Hakan'ın aksine Lavin tek kelime etmiyordu. Sadece sessizce oturmuş ve gözlerini bana dikmişti. Gerçi ben de tek kelime etmeden gözlerimi ona dikmiştim.

Muhtemelen aynı şeyi düşünüyorduk. Ama ikimizde henüz sesimizi çıkarmamamız gerektiğinin farkındaydık.

Hakan sessizliğimizi farkederek "Neden hiç konuşmuyorsunuz?" diye sordu. Keyifsizce yutkunarak "Havamda değilim." diye yanıtladım.

Lavin yavaşça ayağa kalkarak "Eğer işimiz bittiyse gitsem iyi olacak." dedi. Hakan gözlerini kısarak Lavin'e baktı. Biraz daha kadınıma bakmaya devam ederse gözlerini oyacağım..

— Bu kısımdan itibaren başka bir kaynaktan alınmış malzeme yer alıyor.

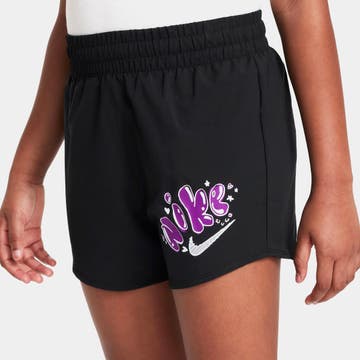 Nike Bubble Girls Lacrosse Shorts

"Kutlamaya kalmıyor musun?" diye sorduğunda Lavin kafasını hafifçe yana yatırıp ne kutlaması dercesine Hakan'a baktı.

Hakan kafasını iki yana sallayarak "Sadece şaka yapıyordum. Özgürsün Lavin, iyi geceler." dedi.

Lavin birkaç saniye bana baktıktan sonra arkasını dönerek odadan çıktı. Kumsal'a baktığımda gözlerinin neredeyse kapanacağını farkettim. Bu kızın sürekli uykusu vardı.

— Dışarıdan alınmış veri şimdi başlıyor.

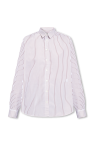 TOTEME Striped shirt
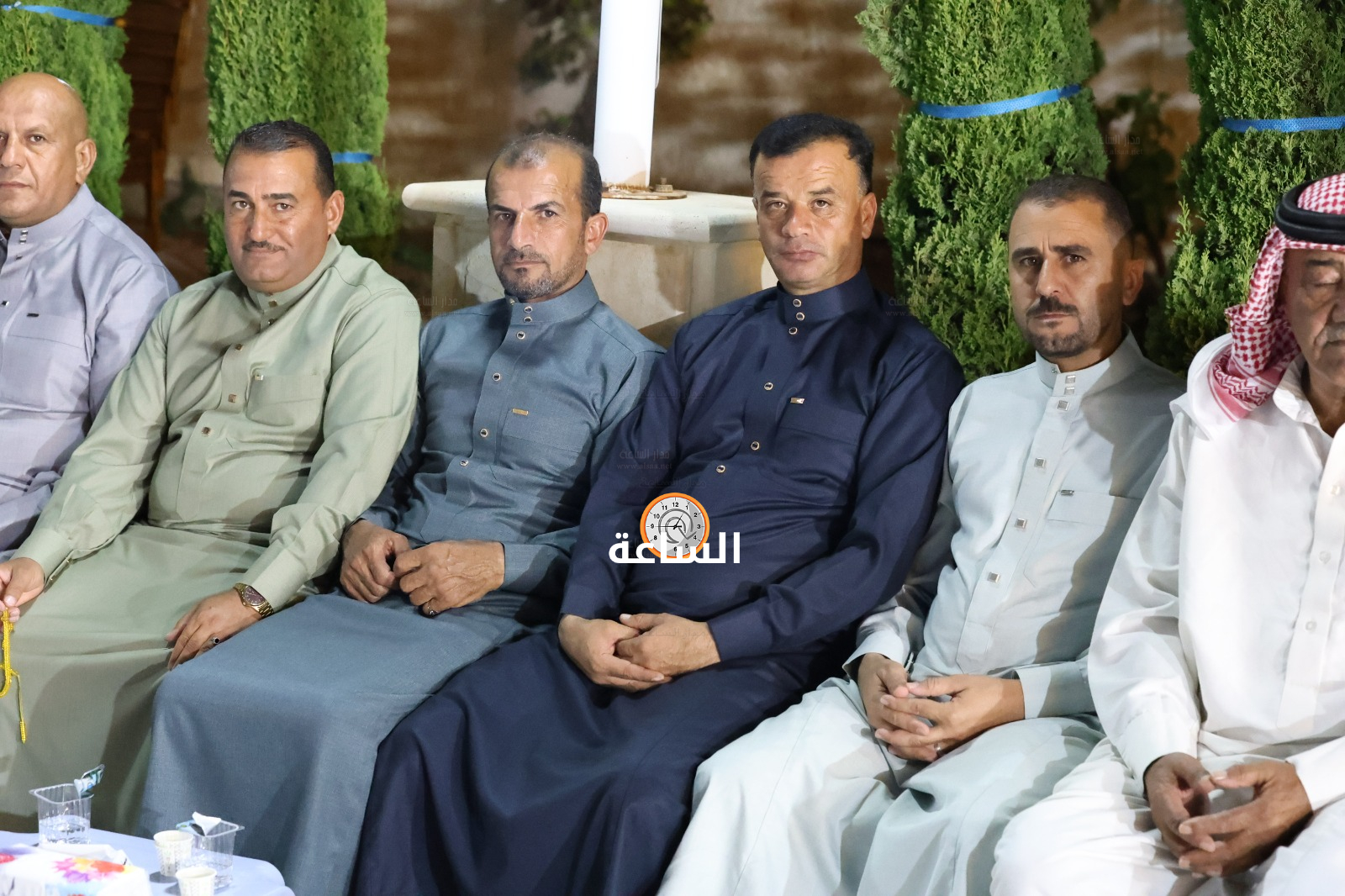 Madar Al-Saa Images 0.44735922350405954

"Çekirge hadi seni eve bırakalım, bayılıp kalacaksın şimdi." diyerek ayağa kalktım. Hakan'ın bir şey diyip yine burnunu sokmasını bekliyordum ama aksine hiçbir şey söylemeyip sessiz kalmayı tercih etmişti.

Kumsal sessizce başını sallamakla yetindi ve kapıya doğru yürümeye başladı. Göz ucuyla Hakan'a baktıktan sonra ben de odadan çıktım.

LAVİN

Odadan çıktıktan sonra hızlı adımlarla arabama bindim. Bir süre neler yapabileceğimi düşündüm. Sonrasında istihbaratın arşivinde çalışan bir arkadaşımı arayarak istihbarat merkezine gittim.

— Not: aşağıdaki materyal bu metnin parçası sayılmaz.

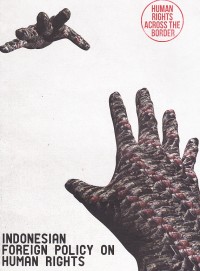 Image of Indonesian Foreign Policy on Human Rights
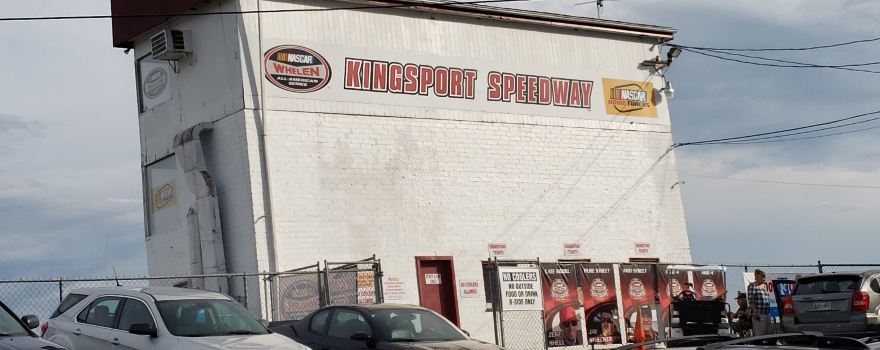 Kingsport Speedway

Çocukluğum burada geçtiği için merkezde beni tanımayan yok denecek kadar azdı. Merkez şehirden uzak kıyı kesimlerde bir arazinin altına yapılmıştı. Çoğu istihbarat ajanı buranın yerini bilmiyordu tabii.

Kıvılcım'ı gördüğümde neredeyse koşarak yanına gittim ve sarıldım. Buraya gelmek merkezi tehlikeye atabileceğinden sık sık gelemiyordum ve onu özlemiştim.

"Hoşgeldin güzellik. Sen uğrar mıydın ya buralara?" dediğinde mahcup bir ifadeyle gülümsedim. "Yardımına ihtiyacım var.."

Anlayışla kolunu omzuma doladı ve beni odasına doğru sürükledi. Odaya girdiğimizde her yer Kıvılcım'ın yıllardır değiştirmediği kurabiye aromalı parfümü kokuyordu.